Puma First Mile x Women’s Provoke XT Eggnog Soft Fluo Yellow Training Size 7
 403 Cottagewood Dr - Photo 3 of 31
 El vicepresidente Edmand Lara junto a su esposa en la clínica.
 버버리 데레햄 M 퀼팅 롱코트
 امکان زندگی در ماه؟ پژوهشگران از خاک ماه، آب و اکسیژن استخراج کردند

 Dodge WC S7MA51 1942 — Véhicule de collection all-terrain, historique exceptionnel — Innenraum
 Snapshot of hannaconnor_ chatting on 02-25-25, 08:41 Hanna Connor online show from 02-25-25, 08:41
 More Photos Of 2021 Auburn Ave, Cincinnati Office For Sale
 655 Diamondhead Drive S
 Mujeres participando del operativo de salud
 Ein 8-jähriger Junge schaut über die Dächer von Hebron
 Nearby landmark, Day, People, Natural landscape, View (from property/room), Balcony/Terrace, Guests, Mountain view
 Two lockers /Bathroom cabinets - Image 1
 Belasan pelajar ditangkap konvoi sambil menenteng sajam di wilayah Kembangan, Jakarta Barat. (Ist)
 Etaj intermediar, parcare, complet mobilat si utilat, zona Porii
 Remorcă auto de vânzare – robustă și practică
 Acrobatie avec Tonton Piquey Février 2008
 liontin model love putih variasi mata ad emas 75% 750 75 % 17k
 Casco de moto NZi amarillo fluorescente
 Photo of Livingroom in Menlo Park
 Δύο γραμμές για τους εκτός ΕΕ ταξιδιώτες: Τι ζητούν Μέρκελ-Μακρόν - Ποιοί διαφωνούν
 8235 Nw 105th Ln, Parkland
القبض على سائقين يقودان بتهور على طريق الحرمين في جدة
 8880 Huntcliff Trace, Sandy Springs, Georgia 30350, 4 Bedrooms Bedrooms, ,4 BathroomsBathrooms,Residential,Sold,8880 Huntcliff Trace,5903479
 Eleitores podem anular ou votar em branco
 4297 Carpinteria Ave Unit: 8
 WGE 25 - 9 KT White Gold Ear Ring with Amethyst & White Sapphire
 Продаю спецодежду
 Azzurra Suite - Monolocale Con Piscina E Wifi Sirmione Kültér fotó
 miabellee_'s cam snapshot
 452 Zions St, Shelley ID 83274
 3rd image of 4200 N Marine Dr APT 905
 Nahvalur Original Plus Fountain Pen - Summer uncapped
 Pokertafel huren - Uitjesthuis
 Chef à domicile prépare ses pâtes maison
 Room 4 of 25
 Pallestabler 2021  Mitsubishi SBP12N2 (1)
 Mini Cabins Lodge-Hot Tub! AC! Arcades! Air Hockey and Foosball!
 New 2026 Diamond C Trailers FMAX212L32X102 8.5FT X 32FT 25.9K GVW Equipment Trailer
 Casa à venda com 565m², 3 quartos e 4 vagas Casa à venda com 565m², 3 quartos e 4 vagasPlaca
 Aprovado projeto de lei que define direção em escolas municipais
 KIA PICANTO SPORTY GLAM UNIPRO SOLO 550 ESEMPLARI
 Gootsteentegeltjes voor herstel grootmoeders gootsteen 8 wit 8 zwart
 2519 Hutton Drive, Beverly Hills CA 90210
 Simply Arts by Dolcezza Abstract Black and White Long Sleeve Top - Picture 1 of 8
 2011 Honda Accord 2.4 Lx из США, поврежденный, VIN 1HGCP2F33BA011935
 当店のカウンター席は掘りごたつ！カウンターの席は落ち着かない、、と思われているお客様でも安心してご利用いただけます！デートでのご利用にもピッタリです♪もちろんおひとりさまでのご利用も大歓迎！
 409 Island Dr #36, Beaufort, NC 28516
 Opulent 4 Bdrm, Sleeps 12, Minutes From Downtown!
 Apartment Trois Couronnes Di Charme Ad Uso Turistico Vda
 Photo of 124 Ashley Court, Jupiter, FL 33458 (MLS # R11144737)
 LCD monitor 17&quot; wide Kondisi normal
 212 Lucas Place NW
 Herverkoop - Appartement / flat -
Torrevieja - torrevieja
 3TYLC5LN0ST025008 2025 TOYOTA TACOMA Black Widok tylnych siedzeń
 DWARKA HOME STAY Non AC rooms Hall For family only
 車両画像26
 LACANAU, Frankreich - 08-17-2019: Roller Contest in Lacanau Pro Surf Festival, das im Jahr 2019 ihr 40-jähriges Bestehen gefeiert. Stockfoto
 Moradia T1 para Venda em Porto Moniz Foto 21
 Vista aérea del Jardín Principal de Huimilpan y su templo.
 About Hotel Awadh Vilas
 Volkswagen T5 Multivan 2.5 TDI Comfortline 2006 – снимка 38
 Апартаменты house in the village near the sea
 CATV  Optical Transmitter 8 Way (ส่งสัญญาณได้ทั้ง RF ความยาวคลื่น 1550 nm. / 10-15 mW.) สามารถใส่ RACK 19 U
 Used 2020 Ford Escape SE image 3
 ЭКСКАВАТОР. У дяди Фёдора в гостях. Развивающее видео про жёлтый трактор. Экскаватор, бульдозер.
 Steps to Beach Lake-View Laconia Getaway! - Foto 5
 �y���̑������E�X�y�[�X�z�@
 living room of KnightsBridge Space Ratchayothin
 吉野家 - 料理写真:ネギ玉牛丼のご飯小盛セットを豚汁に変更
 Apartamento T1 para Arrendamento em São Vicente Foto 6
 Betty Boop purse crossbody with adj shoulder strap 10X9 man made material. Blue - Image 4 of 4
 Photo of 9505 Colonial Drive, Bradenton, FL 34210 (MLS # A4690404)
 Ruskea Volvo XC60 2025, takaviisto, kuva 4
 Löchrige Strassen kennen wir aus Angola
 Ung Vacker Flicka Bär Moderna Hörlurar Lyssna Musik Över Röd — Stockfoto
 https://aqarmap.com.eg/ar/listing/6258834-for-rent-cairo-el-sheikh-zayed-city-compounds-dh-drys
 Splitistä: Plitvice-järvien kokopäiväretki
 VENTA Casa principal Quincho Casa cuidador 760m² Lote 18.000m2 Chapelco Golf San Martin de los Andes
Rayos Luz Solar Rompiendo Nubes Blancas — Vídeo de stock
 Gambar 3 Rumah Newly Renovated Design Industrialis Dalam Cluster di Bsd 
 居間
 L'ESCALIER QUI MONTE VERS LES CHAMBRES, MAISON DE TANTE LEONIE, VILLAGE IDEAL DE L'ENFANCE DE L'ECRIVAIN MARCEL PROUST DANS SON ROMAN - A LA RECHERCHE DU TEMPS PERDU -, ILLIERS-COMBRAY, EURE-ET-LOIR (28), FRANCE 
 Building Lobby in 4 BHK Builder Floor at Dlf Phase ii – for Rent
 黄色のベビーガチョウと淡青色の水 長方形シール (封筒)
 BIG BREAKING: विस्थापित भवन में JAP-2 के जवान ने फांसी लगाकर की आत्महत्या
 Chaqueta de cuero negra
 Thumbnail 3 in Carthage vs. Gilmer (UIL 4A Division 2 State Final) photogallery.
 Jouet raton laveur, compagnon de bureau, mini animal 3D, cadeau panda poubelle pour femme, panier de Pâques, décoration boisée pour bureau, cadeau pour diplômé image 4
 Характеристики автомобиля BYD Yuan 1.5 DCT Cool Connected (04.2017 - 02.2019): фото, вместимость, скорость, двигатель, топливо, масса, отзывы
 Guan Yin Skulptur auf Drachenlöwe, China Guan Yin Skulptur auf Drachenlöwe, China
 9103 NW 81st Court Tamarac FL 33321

════

## [Task to complete]
Scan the lines above for "Casco de moto NZi amarillo fluorescente" and for "当店のカウンター席は掘りごた". Repeat exactly the line holding each of them and every line in between.

## [Solution for this problem]
 Casco de moto NZi amarillo fluorescente
 Photo of Livingroom in Menlo Park
 Δύο γραμμές για τους εκτός ΕΕ ταξιδιώτες: Τι ζητούν Μέρκελ-Μακρόν - Ποιοί διαφωνούν
 8235 Nw 105th Ln, Parkland
القبض على سائقين يقودان بتهور على طريق الحرمين في جدة
 8880 Huntcliff Trace, Sandy Springs, Georgia 30350, 4 Bedrooms Bedrooms, ,4 BathroomsBathrooms,Residential,Sold,8880 Huntcliff Trace,5903479
 Eleitores podem anular ou votar em branco
 4297 Carpinteria Ave Unit: 8
 WGE 25 - 9 KT White Gold Ear Ring with Amethyst & White Sapphire
 Продаю спецодежду
 Azzurra Suite - Monolocale Con Piscina E Wifi Sirmione Kültér fotó
 miabellee_'s cam snapshot
 452 Zions St, Shelley ID 83274
 3rd image of 4200 N Marine Dr APT 905
 Nahvalur Original Plus Fountain Pen - Summer uncapped
 Pokertafel huren - Uitjesthuis
 Chef à domicile prépare ses pâtes maison
 Room 4 of 25
 Pallestabler 2021  Mitsubishi SBP12N2 (1)
 Mini Cabins Lodge-Hot Tub! AC! Arcades! Air Hockey and Foosball!
 New 2026 Diamond C Trailers FMAX212L32X102 8.5FT X 32FT 25.9K GVW Equipment Trailer
 Casa à venda com 565m², 3 quartos e 4 vagas Casa à venda com 565m², 3 quartos e 4 vagasPlaca
 Aprovado projeto de lei que define direção em escolas municipais
 KIA PICANTO SPORTY GLAM UNIPRO SOLO 550 ESEMPLARI
 Gootsteentegeltjes voor herstel grootmoeders gootsteen 8 wit 8 zwart
 2519 Hutton Drive, Beverly Hills CA 90210
 Simply Arts by Dolcezza Abstract Black and White Long Sleeve Top - Picture 1 of 8
 2011 Honda Accord 2.4 Lx из США, поврежденный, VIN 1HGCP2F33BA011935
 当店のカウンター席は掘りごたつ！カウンターの席は落ち着かない、、と思われているお客様でも安心してご利用いただけます！デートでのご利用にもピッタリです♪もちろんおひとりさまでのご利用も大歓迎！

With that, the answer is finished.